━━━ DATA EXTRACT ━━━

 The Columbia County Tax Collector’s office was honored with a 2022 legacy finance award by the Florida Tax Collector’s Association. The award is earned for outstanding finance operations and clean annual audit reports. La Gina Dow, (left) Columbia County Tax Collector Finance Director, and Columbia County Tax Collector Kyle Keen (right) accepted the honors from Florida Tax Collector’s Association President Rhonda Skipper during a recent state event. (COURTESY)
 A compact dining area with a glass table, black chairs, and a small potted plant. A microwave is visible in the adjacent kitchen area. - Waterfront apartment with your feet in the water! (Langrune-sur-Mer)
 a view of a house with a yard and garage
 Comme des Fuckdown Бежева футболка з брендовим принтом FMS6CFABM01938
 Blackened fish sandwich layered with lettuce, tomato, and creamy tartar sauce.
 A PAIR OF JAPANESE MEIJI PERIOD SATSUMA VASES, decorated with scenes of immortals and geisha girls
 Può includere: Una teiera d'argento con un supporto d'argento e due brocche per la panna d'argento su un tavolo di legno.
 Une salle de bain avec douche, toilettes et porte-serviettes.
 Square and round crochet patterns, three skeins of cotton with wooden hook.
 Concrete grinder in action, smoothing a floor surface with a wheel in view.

━━━

WORK TO BE COMPLETED » Copy out each line of the listing where the string "with" appears.

REPLY TO THE TASK »
 The Columbia County Tax Collector’s office was honored with a 2022 legacy finance award by the Florida Tax Collector’s Association. The award is earned for outstanding finance operations and clean annual audit reports. La Gina Dow, (left) Columbia County Tax Collector Finance Director, and Columbia County Tax Collector Kyle Keen (right) accepted the honors from Florida Tax Collector’s Association President Rhonda Skipper during a recent state event. (COURTESY)
 A compact dining area with a glass table, black chairs, and a small potted plant. A microwave is visible in the adjacent kitchen area. - Waterfront apartment with your feet in the water! (Langrune-sur-Mer)
 a view of a house with a yard and garage
 Blackened fish sandwich layered with lettuce, tomato, and creamy tartar sauce.
 A PAIR OF JAPANESE MEIJI PERIOD SATSUMA VASES, decorated with scenes of immortals and geisha girls
 Square and round crochet patterns, three skeins of cotton with wooden hook.
 Concrete grinder in action, smoothing a floor surface with a wheel in view.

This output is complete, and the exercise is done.